§ Your assignment: Every line between the top of the data below and the line with "Brinco Infantil Elefante", both ends included, must be retyped exactly.

(Stored data entries)
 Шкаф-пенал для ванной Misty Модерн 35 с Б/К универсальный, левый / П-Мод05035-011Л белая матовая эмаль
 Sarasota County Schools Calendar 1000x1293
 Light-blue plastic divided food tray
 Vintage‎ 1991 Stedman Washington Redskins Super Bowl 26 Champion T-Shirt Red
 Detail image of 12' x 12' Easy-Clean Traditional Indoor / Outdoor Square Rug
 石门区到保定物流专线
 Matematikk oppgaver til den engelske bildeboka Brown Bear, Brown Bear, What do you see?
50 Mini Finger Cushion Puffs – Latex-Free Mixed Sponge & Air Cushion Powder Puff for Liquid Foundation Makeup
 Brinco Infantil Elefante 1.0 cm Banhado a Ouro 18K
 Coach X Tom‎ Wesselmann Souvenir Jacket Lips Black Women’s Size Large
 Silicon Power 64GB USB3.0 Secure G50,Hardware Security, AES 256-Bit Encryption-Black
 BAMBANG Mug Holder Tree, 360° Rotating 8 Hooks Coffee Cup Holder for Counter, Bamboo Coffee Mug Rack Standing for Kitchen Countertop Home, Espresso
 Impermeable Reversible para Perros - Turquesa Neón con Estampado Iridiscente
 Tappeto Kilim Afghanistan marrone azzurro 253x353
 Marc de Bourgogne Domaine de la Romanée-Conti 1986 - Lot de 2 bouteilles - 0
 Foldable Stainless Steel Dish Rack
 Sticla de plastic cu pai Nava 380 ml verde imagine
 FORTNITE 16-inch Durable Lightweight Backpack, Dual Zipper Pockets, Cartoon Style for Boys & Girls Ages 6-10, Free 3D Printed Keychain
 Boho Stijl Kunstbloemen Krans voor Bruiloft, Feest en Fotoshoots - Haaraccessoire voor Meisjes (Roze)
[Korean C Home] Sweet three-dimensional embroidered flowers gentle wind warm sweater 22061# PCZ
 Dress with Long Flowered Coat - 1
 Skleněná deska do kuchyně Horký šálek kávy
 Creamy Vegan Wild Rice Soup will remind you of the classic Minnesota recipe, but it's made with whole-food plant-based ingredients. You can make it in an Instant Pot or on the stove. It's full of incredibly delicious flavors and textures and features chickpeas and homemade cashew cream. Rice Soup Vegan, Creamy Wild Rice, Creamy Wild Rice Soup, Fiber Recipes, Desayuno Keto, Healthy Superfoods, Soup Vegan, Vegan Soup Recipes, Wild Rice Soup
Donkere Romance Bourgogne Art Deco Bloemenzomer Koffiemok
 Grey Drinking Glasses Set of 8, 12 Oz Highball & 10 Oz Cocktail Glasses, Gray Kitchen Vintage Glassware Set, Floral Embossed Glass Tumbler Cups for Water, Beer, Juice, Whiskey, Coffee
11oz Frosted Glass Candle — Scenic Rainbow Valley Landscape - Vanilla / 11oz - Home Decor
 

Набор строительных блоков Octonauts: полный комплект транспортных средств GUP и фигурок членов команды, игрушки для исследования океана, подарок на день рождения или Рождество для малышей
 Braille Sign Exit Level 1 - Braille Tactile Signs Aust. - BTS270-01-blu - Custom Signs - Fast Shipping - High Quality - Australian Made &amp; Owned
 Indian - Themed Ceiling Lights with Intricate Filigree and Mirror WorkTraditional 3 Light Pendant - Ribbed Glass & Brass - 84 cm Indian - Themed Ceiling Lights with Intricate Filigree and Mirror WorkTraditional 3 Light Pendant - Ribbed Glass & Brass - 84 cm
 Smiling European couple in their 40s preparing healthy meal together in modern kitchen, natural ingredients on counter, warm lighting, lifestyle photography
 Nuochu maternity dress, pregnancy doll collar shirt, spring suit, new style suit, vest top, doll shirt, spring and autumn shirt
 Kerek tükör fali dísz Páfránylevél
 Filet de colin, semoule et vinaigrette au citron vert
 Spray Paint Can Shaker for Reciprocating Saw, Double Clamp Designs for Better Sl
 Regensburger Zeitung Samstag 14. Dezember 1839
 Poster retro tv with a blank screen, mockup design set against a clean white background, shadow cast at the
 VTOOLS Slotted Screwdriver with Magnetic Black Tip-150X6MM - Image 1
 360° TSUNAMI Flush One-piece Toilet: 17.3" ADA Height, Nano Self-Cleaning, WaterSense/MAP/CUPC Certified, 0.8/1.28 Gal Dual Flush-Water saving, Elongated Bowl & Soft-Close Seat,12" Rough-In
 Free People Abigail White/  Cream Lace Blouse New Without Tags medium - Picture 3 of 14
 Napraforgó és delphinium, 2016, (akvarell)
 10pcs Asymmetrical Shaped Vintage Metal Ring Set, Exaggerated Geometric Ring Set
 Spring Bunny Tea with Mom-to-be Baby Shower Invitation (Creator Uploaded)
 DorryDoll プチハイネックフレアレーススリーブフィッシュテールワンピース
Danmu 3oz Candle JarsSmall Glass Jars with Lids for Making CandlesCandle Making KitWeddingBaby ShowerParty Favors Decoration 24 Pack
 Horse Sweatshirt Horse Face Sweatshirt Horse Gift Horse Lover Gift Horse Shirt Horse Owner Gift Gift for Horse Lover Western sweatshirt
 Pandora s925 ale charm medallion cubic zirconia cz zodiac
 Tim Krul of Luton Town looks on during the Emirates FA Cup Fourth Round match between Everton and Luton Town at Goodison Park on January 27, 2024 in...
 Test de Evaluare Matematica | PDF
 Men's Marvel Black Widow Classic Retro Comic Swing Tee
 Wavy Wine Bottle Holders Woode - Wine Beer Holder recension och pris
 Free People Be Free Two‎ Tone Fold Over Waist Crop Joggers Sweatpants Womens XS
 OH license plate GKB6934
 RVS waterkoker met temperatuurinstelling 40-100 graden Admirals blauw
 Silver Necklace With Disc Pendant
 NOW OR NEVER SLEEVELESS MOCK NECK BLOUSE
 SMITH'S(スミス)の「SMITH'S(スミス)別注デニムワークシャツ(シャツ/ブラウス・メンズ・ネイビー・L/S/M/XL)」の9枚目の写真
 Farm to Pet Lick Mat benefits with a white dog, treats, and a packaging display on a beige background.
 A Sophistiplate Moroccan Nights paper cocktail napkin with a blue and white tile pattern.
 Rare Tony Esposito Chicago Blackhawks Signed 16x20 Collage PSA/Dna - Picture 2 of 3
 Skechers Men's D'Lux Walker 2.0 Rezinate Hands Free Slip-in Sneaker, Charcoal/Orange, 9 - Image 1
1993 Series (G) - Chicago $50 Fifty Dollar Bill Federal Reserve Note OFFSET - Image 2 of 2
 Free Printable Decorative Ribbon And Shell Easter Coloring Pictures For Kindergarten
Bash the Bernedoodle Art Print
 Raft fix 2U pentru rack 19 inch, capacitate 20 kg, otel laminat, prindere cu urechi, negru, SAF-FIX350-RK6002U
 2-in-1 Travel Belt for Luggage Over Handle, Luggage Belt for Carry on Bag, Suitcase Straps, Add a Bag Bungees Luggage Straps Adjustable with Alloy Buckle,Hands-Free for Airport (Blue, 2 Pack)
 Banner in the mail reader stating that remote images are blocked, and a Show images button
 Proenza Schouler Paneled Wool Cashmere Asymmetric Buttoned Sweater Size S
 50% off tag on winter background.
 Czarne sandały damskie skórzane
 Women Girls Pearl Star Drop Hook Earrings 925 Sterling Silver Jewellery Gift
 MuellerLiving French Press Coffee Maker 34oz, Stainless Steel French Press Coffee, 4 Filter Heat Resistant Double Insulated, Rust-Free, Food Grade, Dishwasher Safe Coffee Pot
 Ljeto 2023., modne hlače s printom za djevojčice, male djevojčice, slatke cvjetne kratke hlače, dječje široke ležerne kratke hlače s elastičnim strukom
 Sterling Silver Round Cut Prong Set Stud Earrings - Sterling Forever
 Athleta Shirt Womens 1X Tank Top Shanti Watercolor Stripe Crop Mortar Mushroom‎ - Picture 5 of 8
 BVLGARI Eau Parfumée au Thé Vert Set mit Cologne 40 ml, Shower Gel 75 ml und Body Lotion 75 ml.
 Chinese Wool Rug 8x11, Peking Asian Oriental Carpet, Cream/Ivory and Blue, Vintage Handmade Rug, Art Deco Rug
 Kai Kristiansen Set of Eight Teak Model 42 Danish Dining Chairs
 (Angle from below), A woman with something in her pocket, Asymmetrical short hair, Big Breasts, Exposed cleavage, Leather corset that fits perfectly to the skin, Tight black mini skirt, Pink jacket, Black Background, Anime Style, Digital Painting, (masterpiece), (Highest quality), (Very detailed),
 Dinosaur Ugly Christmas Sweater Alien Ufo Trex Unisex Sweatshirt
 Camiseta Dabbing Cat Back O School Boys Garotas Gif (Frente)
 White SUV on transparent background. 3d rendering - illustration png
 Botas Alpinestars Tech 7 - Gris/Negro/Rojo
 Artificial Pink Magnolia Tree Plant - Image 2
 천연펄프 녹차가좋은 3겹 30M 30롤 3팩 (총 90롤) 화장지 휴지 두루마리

§ Response to the exercise:
 Шкаф-пенал для ванной Misty Модерн 35 с Б/К универсальный, левый / П-Мод05035-011Л белая матовая эмаль
 Sarasota County Schools Calendar 1000x1293
 Light-blue plastic divided food tray
 Vintage‎ 1991 Stedman Washington Redskins Super Bowl 26 Champion T-Shirt Red
 Detail image of 12' x 12' Easy-Clean Traditional Indoor / Outdoor Square Rug
 石门区到保定物流专线
 Matematikk oppgaver til den engelske bildeboka Brown Bear, Brown Bear, What do you see?
50 Mini Finger Cushion Puffs – Latex-Free Mixed Sponge & Air Cushion Powder Puff for Liquid Foundation Makeup
 Brinco Infantil Elefante 1.0 cm Banhado a Ouro 18K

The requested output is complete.